Besides recognising authenticity and tweaking it as per Indian tastes, Wong also focused on expanding the vegetarian options under the Chinese cuisine. “In London, we usually feel guilty for treating vegetarians like second-class diners. But since vegetarian food is really popular here, it has been really interesting to dig into that,” he says. Catering to that demand, Baoshuan’s lotus root and sesame salad, Emperor’s soup with morels, shimeji and goji berries are as fine a dish as you could get.
Another highlight is the Xian city lamb bun with sesame, coriander and pomegranate salad that presents itself as a DIY bowl to be turned into a burger of sorts. The ingredients, including lamb meat, to be used in the making of the burger, are placed neatly around a puddle of peanut sauce. Accompanying the bowl is a slightly charred Cantonese bun that resembles pita bread. After putting the elements together, the dish turns out to be a true winner in terms of flavour and experience.
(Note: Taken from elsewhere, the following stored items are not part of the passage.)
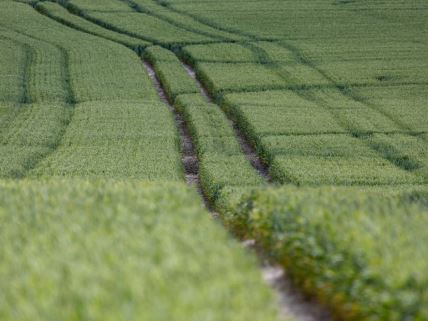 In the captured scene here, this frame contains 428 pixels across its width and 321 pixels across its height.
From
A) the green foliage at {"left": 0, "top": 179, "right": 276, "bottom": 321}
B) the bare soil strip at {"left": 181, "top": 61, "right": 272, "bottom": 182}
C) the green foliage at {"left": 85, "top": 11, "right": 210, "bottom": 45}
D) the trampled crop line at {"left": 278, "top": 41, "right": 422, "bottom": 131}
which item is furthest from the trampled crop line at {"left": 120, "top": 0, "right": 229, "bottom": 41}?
the green foliage at {"left": 0, "top": 179, "right": 276, "bottom": 321}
Wong, who was born and raised in a family of restaurateurs, however, was barely inclined to the culinary world at first. He studied chemistry and anthropology at Oxford University and London School of Economics, respectively. As fate would have it, Wong’s father passed away, prompting him to return home to help his mother manage the family’s four restaurants across the UK. It was then that he set out to discover his roots and learnt the nitty gritties of regional cuisines of China. Since most Chinese restaurants focus only on Cantonese and Sichuanese cuisines, Wong walked an extra mile to learn about the cuisines of Hunan, Fujian, Xinjiang, Shandong, Anhui and other provinces. As a result, the food at Baoshuan stems from 14 different regions of China and is not limited to cuisines from Szechwan and Canton that is served in most other restaurants.